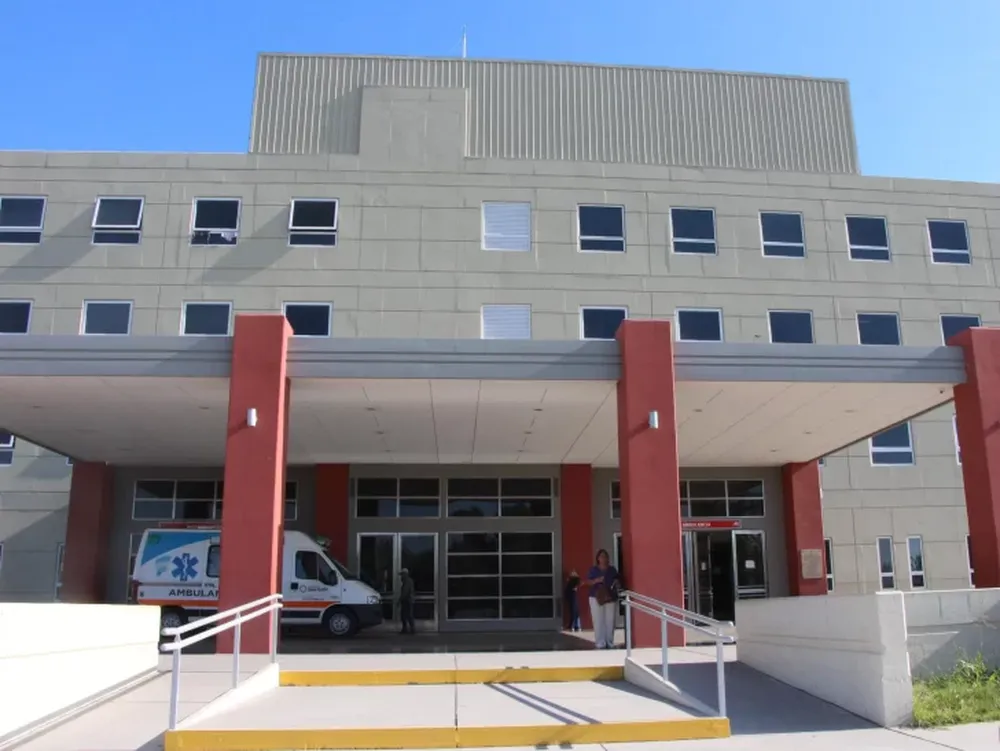 En el Hospital Rawson buscan a familiares de un paciente que ingresó el miércoles pasado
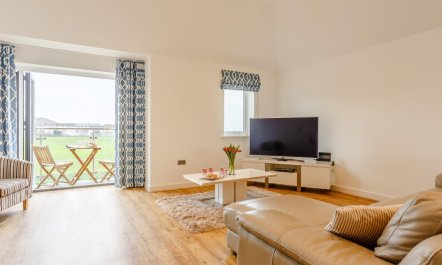 3 Bed in Westward Ho! 3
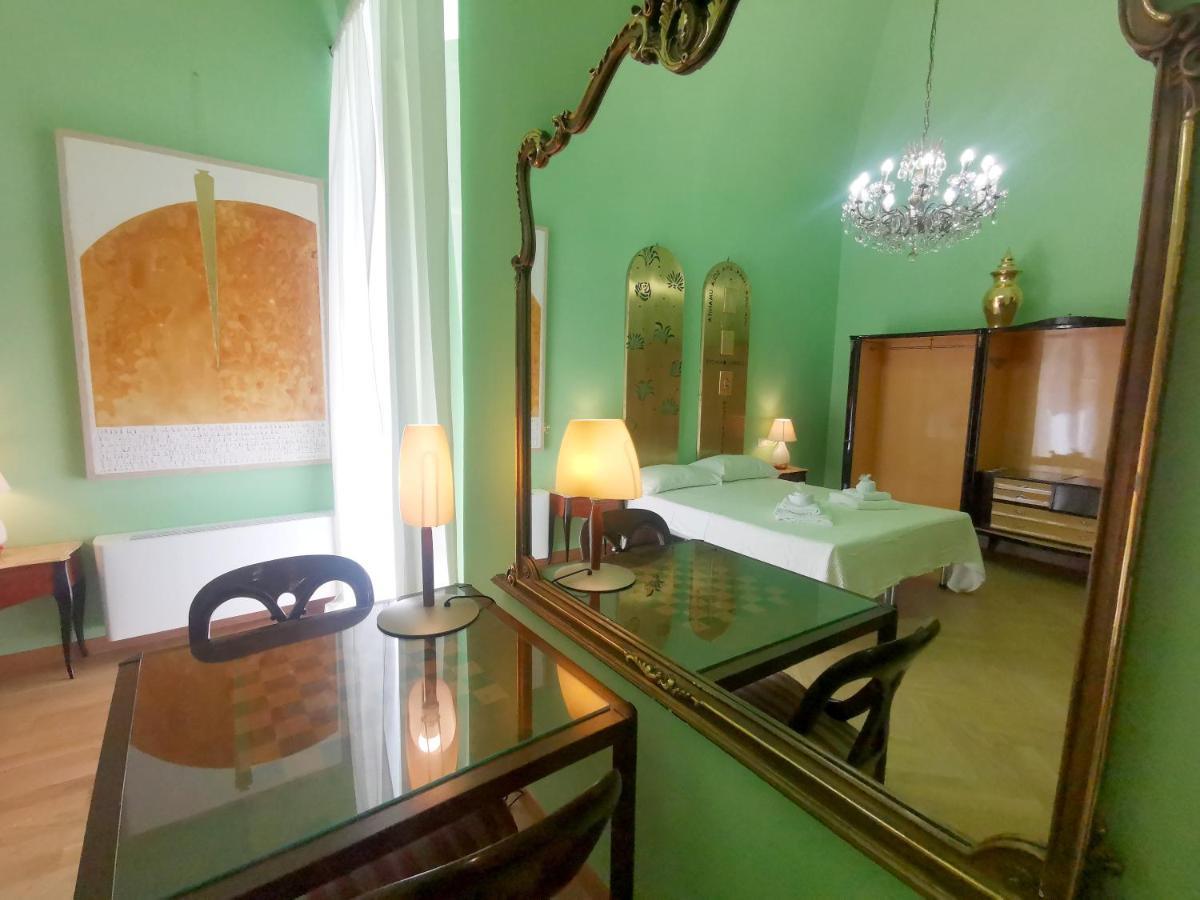 Speciale Tarshito Guesthouse Bari Luaran gambar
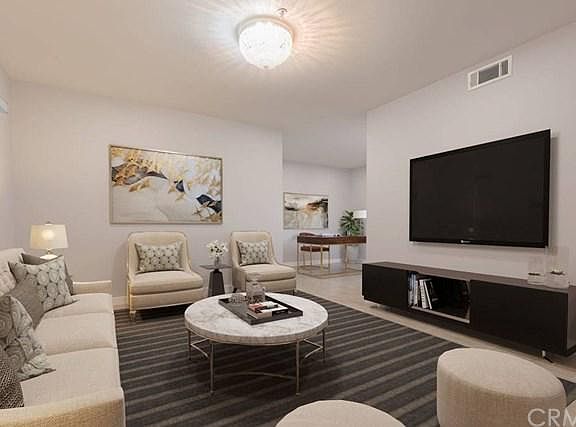 4th image of 400 E Broadway Unit L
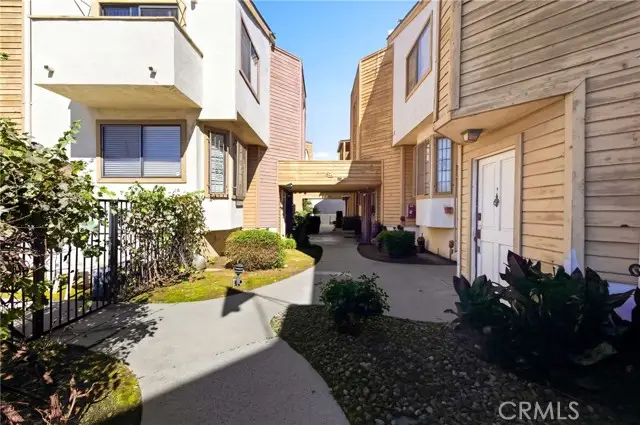 14715 Saticoy Street  #14, Van Nuys, CA 91405 - #2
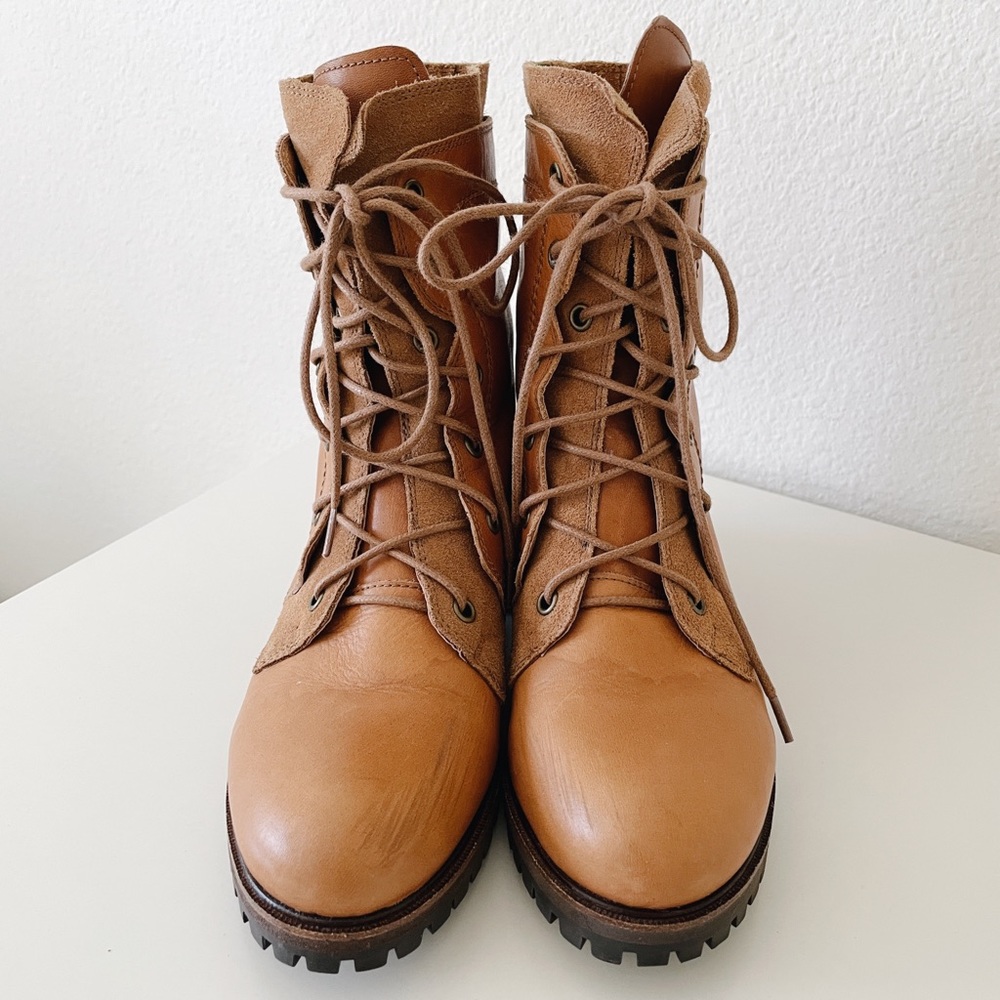 Jipi Japa tan combat boots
--------------------
* _Exercise_: What you give back must match the material above exactly, minus its pictures.

* _Output below_:
 En el Hospital Rawson buscan a familiares de un paciente que ingresó el miércoles pasado
 3 Bed in Westward Ho! 3
 Speciale Tarshito Guesthouse Bari Luaran gambar
 4th image of 400 E Broadway Unit L
 14715 Saticoy Street  #14, Van Nuys, CA 91405 - #2
 Jipi Japa tan combat boots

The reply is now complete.